- Opening Delimiter -

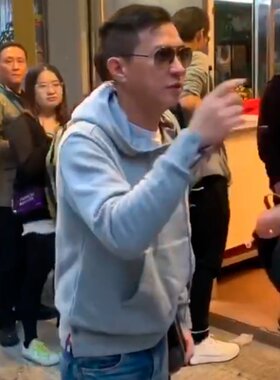 织带套头韩版潮流ins春秋季卫衣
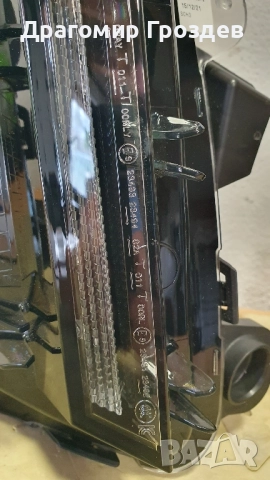 Дясна DRL (дневна светлина) за Peugeot 3008 , 5008 II Facelift / Пежо 3008 и 5008 (2021 - 2024), снимка 6 - Части - 51999017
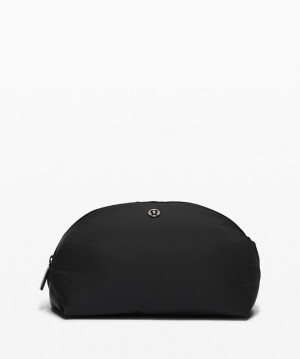 Lululemon Feeling Ready Pouch Accessories Çantası Siyah | ROFM-15064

- Closing Delimiter -

(Required work) Your task is to retype the listing exactly, without its pictures.

(Answer box)
 织带套头韩版潮流ins春秋季卫衣
 Дясна DRL (дневна светлина) за Peugeot 3008 , 5008 II Facelift / Пежо 3008 и 5008 (2021 - 2024), снимка 6 - Части - 51999017
 Lululemon Feeling Ready Pouch Accessories Çantası Siyah | ROFM-15064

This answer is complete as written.